A family rides their bikes on the ring road

We had a late start, due to the celebrations last night, and didn’t depart the hotel until around noon. The highlight of breakfast was that there was a cereal other than corn flakes. In a small country that isn’t used to hosting tourists, you hang on to every thrill.

The group split, some heading straight to the harbor we went to on the first night. I was in the other group that hopped in a bus to the bank to draw out cash. With all of us at the hotel consistently drawing out cash, the ATM at the hotel was completely dry, and required us to go elsewhere to get money. This was told to us by the guides before coming in country, since ATMs are few and far between, so while it was inconvenient, it was also expected.

Our group then drove to the harbor just as the first group finished swimming and headed to the lunch restaurant. At first I was hesitant to jump in the water, because I didn’t want to hold up the group, but as Alistair noted, if we were to judge based on the dining situation yesterday for lunch, we would definitely have time to swim and eat without holding up the group.

the bay in the day

So, Justin, Calvin, Alistair and I jumped in the water. The cultural norm is to swim pretty fully clothed, as I was accustomed to in Vanuatu. This time, I brought my leggings and jumped in the water with leggings and a shirt. Calvin stood off to the side on the boat ramp, revealing that he doesn’t know how to tread water, and something about sinking due to muscle mass and blah blah blah.

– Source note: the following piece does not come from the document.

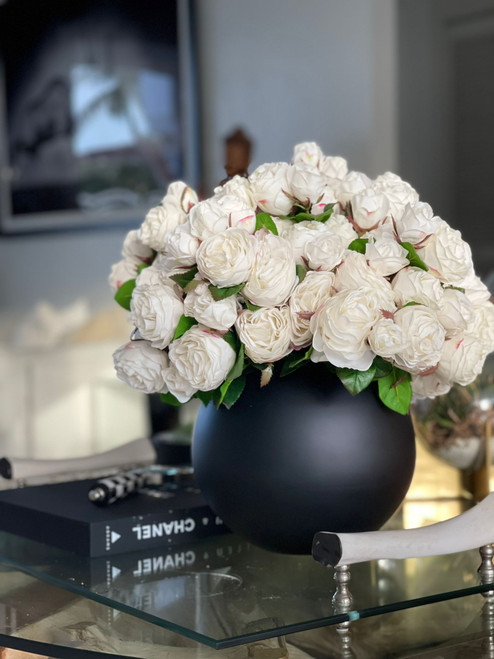 English Roses in Matte Black Fishbowl Vase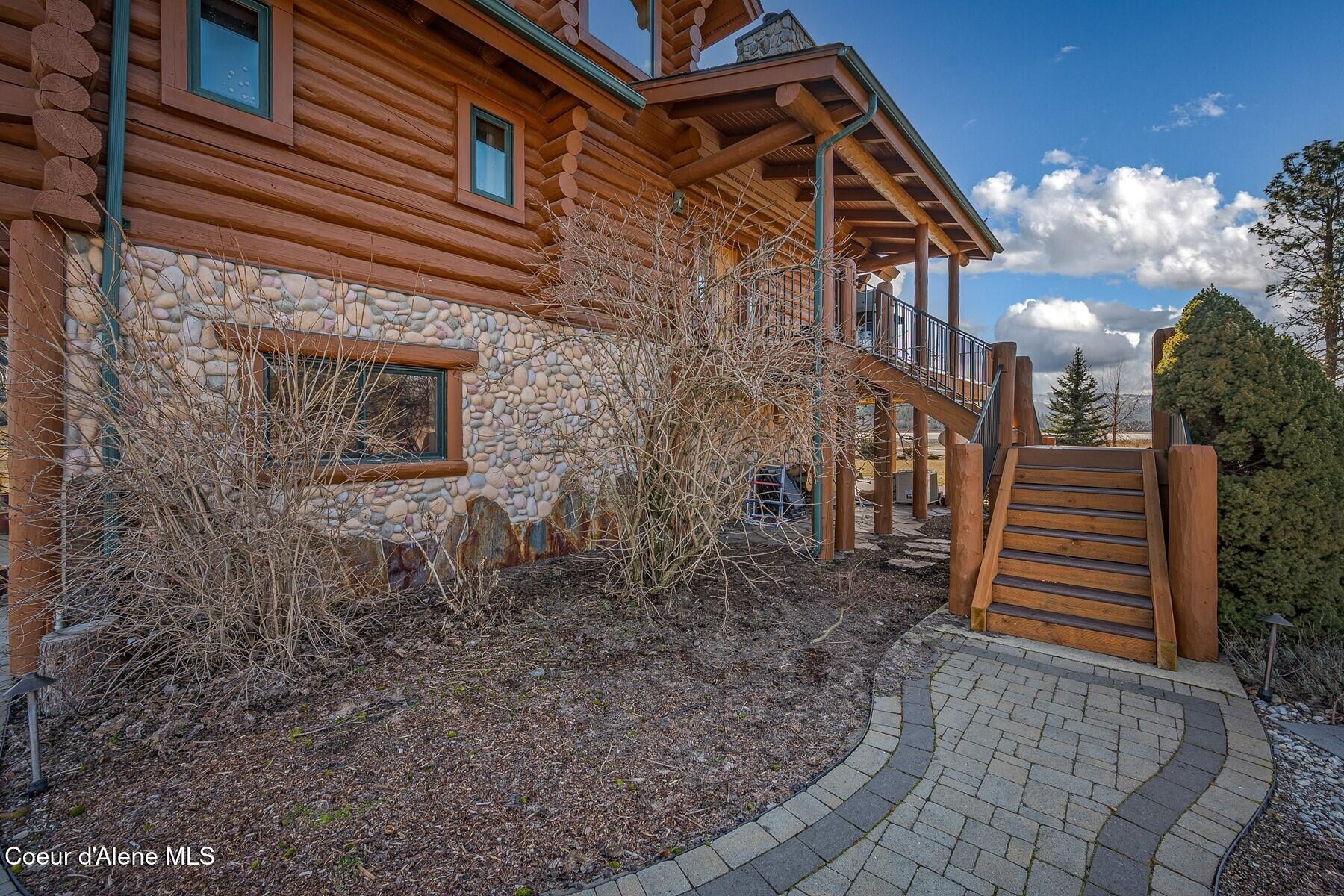 296 Camp Peine Road Sagle, ID 83860 - Photo 52 of 69 Main Entry Stairs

We hopped out, very ungracefully, as there is no easy way. Justin and Calvin crawl out on the ramp, which is slimy from moss growth. Calvin comments that he looks like a sea monster. I try getting out on the steps, which are also slimy but at least have some metal rings for docking boats that give some sort of grip.


We head to the Anibare Bay Harbor restaurant, a short distance from the water. It’s a Chinese restaurant, and I get pineapple chicken and rice. Despite arriving late, my food arrives with everyone else’s. There’s a cute brown puppy wandering around outside the restaurant, where we are sitting, and he’s healthy looking. I’m so shocked to see so many stray or freely-roaming dogs here that are so healthy looking. In Vanuatu they either look thin or have mange. These are soft fluffy and fat. There’s also more variety in breeds. It’s like night and day.

After lunch we head back to the hotel and I notice the soreness in my right foot has never fully recovered from the intensity of exploring Sydney. I decide to push through and join the group on the round island walk, which would take about five hours. However, about ten minutes in, I realize that this pain is not disappearing, and that I’d have no contingency plan of transportation should I choose to quit later on and want to return to the hotel, and I want to be able to walk on my own in the upcoming days, so it’s best that I turn back early. I later find out that I didn’t really miss out, so I am glad I didn’t over exert myself for no reason.

Instead, I nap. Then dinner time rolls around and we hop on a bus to some Chinese restaurant that doesn’t want to host our group of ten people, so we walk across the street to J’s, another Chinese restaurant.

We order our food, and it shockingly comes in 15 minutes, and the orders are all correct. We thought the table beside us of Nauruan cops who got their food especially quickly was getting special treatment, but nope, it was just a restaurant with efficiency. I got lemon chicken, which was much better than the questionable chicken from lunch.

We met up with the rest of the group afterwards back at the hotel and hung out for a short bit, but everyone was pretty tired and headed off to bed.

Since today was New Year’s Day, we didn’t get a chance to do anything with a local guide since most were hangover and/or unwilling to work. But tomorrow, we will go on a small hike and see the inner part of the island for the first time with a local guide.